V_{i n} I_{L 1} = V_{0} I_{0}; I_{L 1} = \frac{V_{0} I_{0}}{V_{i n}} = (\frac{2 + k}{1 - k}) I_{0}

The steady state value of the inductor current I_L2 is obtained by equating the average value of current through the capacitor C₄ to zero during the total switching time period T.

(14)

I_{C 4} = \frac{1}{T} (\int_{0}^{k T} (I_{L 2} - I_{0}) d t + \int_{k T}^{T} (I_{L 2} - I_{0}) d t) = 0

From the above equation, I_L2 is derived as:

(15)

I_{L 2} = I_{0}

The steady state value of the diode current I_D1 is obtained by equating the average value of current through the capacitor C₁ to zero during the total switching time period T.

(16)

I_{C 1} = \frac{1}{T} (\int_{0}^{k T} (- I_{0}) d t + \int_{k T}^{T} (I_{D 1} - I_{0}) d t) = 0

From the above equation, I_D1 is obtained as:

(17)

I_{D 1} = \frac{I_{0}}{(1 - k)}

The steady state value of the diode current I_D2 is obtained by equating the average value of current through the capacitor C₂ to zero during the total switching time period T.

(18)

I_{C 2} = \frac{1}{T} (\int_{0}^{k T} - (I_{L 2} + I_{C 3}) d t + \int_{k T}^{T} (I_{D 2} - I_{L 2} + I_{C 3}) d t) = 0

In the above equation, the average value of current through the capacitor C₃ is zero during the total switching time period T. Hence, I_D2 is obtained as:

(19)

I_{D 2} = \frac{I_{0}}{(1 - k)}

The steady state value of the diode current I_D4 is obtained by equating the average value of current through the capacitor C₅ to zero during the total switching time period T.
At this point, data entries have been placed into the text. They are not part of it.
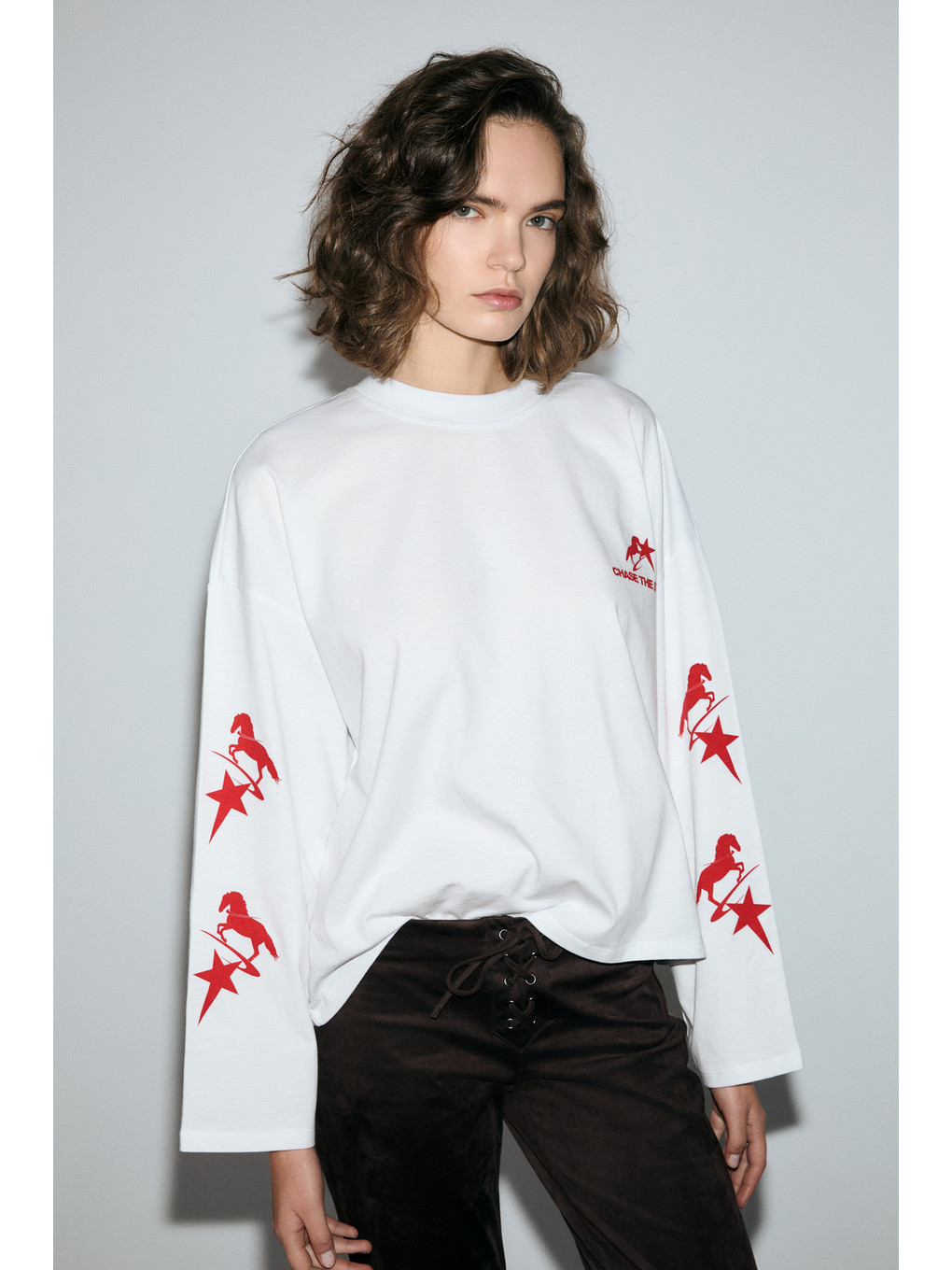 Rıvolyn Kadın Yumuşak Kumaşlı Baskı Detaylı Oversize Uzun Kollu Beyaz T-shirt-3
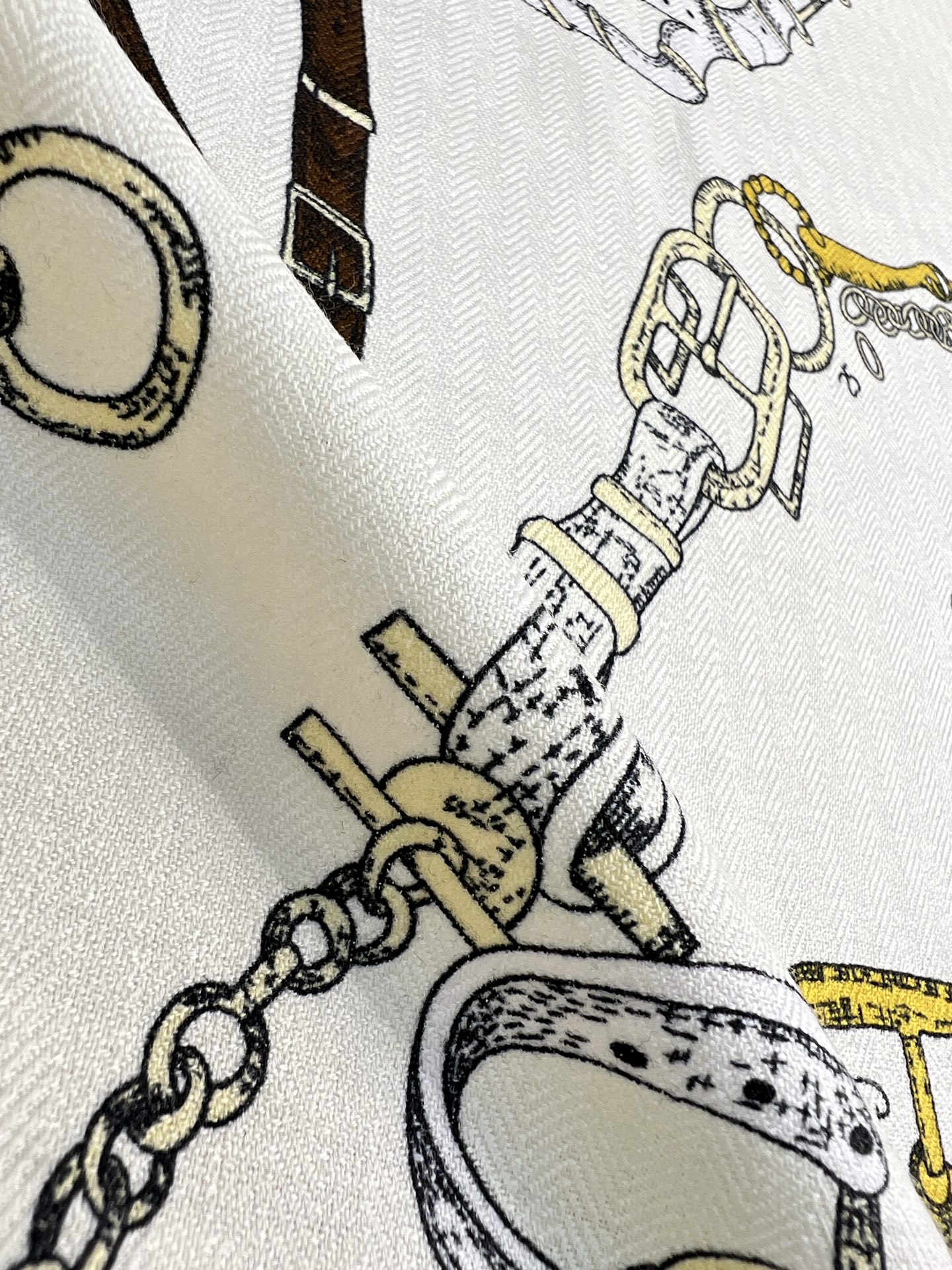 “跃动的马儿”140双面丝毛方巾～Hermes 手工卷边丝毛方巾（30%桑蚕丝70%羊毛）这款爱马仕的经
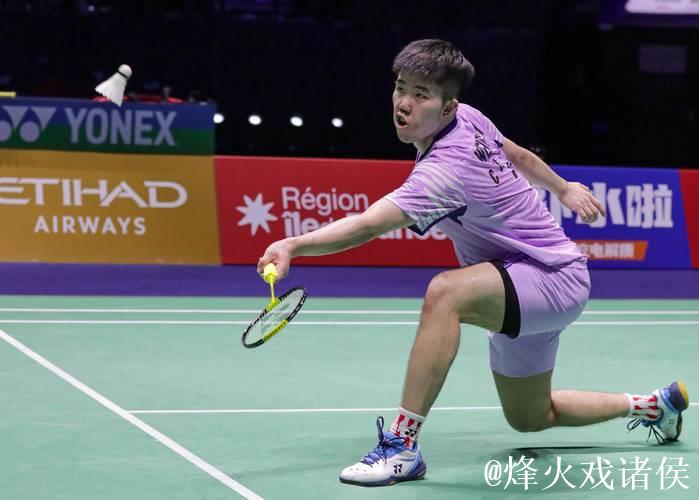 石宇奇2-1战胜翁泓阳 晋级世锦赛4强 石宇奇2-1战胜翁泓阳 晋级世锦赛4强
I_{C 5} = \frac{1}{T} (\int_{0}^{k T} I_{L 2} d t + \int_{k T}^{T} (I_{L 2} - I_{D 4}) d t) = 0

From the above equation, I_D4 is obtained as:

(20)

I_{D 4} = \frac{I_{0}}{(1 - k)}

The steady state value of the diode current I_D3 is obtained by equating the average value of current through the capacitor C₂ to zero during the total switching time period T.

(21)

I_{C 2} = \frac{1}{T} (\int_{0}^{k T} - (I_{L 2} + I_{D 3}) d t + \int_{k T}^{T} (I_{D 2} - I_{L 2} + I_{D 4}) d t) = 0

From the above equation, I_D3 is obtained as:

(22)

I_{D 3} = \frac{I_{0}}{k}

The voltage stress across the diodes D₁, D₂, D₃, & D₄ are obtained as:

(23)

\begin{matrix} V_{D 1} = V_{C 2} - V_{C 1} - V_{C 3} = V_{i n} (\frac{1}{1 - k} - \frac{1}{1 - k} - \frac{1}{1 - k}) = - \frac{V_{i n}}{(1 - k)} \\ V_{D 2} = - V_{C 2} = - \frac{V_{i n}}{(1 - k)}; V_{D 3} = - V_{C 3} = - \frac{V_{i n}}{(1 - k)}; V_{D 4} = V_{C 5} = - \frac{V_{i n}}{(1 - k)} \end{matrix}\}

The expressions for the voltage stress (V_S) and current stress (I_S) of the power switch ‘S’ are obtained as:

(24)

V_{S} = V_{C 2} = \frac{V_{i n}}{(1 - k)}

(25)

I_{S} = I_{L 1} - I_{C 2} = I_{L 1} - (- (I_{L 2} + I_{C 3}))

In the above expression, I_C3 = 0. Hence, the current stress I_S is obtained as:

(26)

I_{S} = (\frac{3}{1 - k}) I_{0}

The steady state values of voltages and currents for the various circuit components are verified for k = 0.8, V_in = 24V, and $I_{0} = \frac{P_{0}}{V_{0}}$ = $\frac{320}{335}$ = 1 A as shown below using the equations (9), (10), (11), (13), (15), (17), (19), (20), (22), (23), & (25) respectively.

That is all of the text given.